Dans « Souvenirs d’un ordinateur personnel » reviendront nombre d’éléments du récit ouvrant Mes Documents, cette fois énoncés par un « il ». Zambra, auteur, procède sans doute comme Claudia, un prénom déjà présent dans Personnages secondaires (Rivages, 2012), Claudia qui se lance dans la numérisation d’albums photos. Elle y passe ses journées, « au cours de séances assez ennuyeuses, mais pour elle extrêmement amusantes, car plutôt que d’enregistrer le passé, elle se proposait de le modifier : elle déformait les visages de parents antipathiques, effaçait certains personnages secondaires et ajoutait d’autres invités invraisemblables, tels que Jim Jarmusch à sa fête d’anniversaire, ou Leonard Cohen à côté d’elle pendant sa première communion ».
Le premier texte du livre est celui qui lui donne son titre, « Mes Documents ». Le récit, en « je », semble personnel : il dit une enfance divisée, entre ordinateur (du père) et machine à écrire (de la mère), amour des mots et « ignorance abyssale », éducation catholique et refus, innocence et péché, volonté d’appartenance et sentiment d’exil. La vie de cet enfant en plein apprentissage du monde comme de lui-même est marquée par la figure de la grand-mère, conteuse hors pair, par les tremblements de terre qui secouent le Chili, Pinochet, la politique qui s’immisce dans le quotidien.

Le regard sur un passé familial montre, depuis le présent, comment la littérature a remplacé la foi, « je me suis mis à croire, de manière naïve, intense et absolue, en la littérature », comment une conscience s’éveille au monde, à travers la musique et les mots, finit par s’ouvrir à une altérité, entend « parler pour la première fois des victimes de la dictature, des arrestations, des disparus, des meurtres, des tortures ». Ce texte est le creuset des onze qui le constituent, de la galerie de personnages et des histoires qui le traversent, « depuis ce lieu si stable et par conséquent suspect qu’on appelle le présent ».
Les lecteurs d’Alejandro Zambra se souviendront de la mise en garde en forme en ouverture de son roman La Vie privée des arbres (Rivages, 2009), « je n’ai pas de souvenirs d’enfance », citation de Perec, de nouveau présent dans Mes Documents, dans une liste de « Je me souviens » (« Instituto Nacional »). Dans « Pour mémoire », « il prend note de son rêve, mais il le falsifie, l’arrondit, il le fait toujours : il ne peut s’empêcher d’embellir ses rêves au moment de les transcrire, il les assortit de fausses scènes, de phrases plus vraisemblables ou totalement inventées, qui suggèrent des issues, des conclusions, des tours surprenants ». Surprendre et dérouter, maîtres mots de ce laboratoire d’un « je » creuset d’une altérité.

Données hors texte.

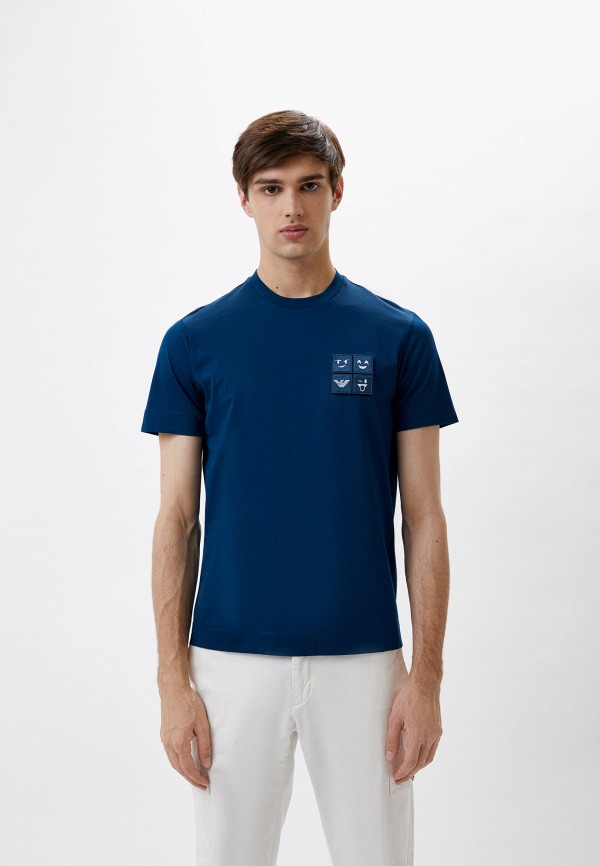 

Футболка Emporio Armani, Синий, Emporio Armani RTLAAY785901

Dans une alternance passé / présent, le « je » se fait « il », la vie fiction, tout bascule sans cesse, tout se dit dans un tissage, des zones de turbulences et de conflits, de failles que les récits explorent sans jamais totalement les combler. « Vrai ou faux » — titre du quatrième récit — sonne le rappel. Si Mes documents dit une subjectivité faite d’obsessions (le passé, les cigarettes, l’ordinateur, le sexe), c’est une subjectivité en tant que lieu de naissance et de déploiement de la fiction, de l’écriture, sujet plein de ce livre, un peu comme Daniel « aimait à lancer, à la volée, des mensonges, pour s’obliger à les transformer en réalité ». Ou, comme l’écrit l’un des « je » du livre : « en fin de compte, je parlais du langage et, si une chose avait été constante dans ma vie, c’était l’amour de quelques histoires, de quelques phrases, de quelques mots ».
Alejandro Zambra, Mes Documents, traduit de l’espagnol (Chili) par Denise Laroutis, Rivages, 237 p., 21 €
Notons la sortie en poche, chez Rivages et dans une traduction de Denise Laroutis toujours, de Bonsaï, le premier roman d’Alejandro Zambra.
Né en juillet 1975 à Santiago du Chili, Alejandro Zambra est professeur de littérature et critique littéraire, poète et romancier. Sont traduits en français Bonsaï, La Vie privée des arbres, Mes Documents (tous chez Rivages) et Personnages secondaires (éd. de l’Olivier, 2012).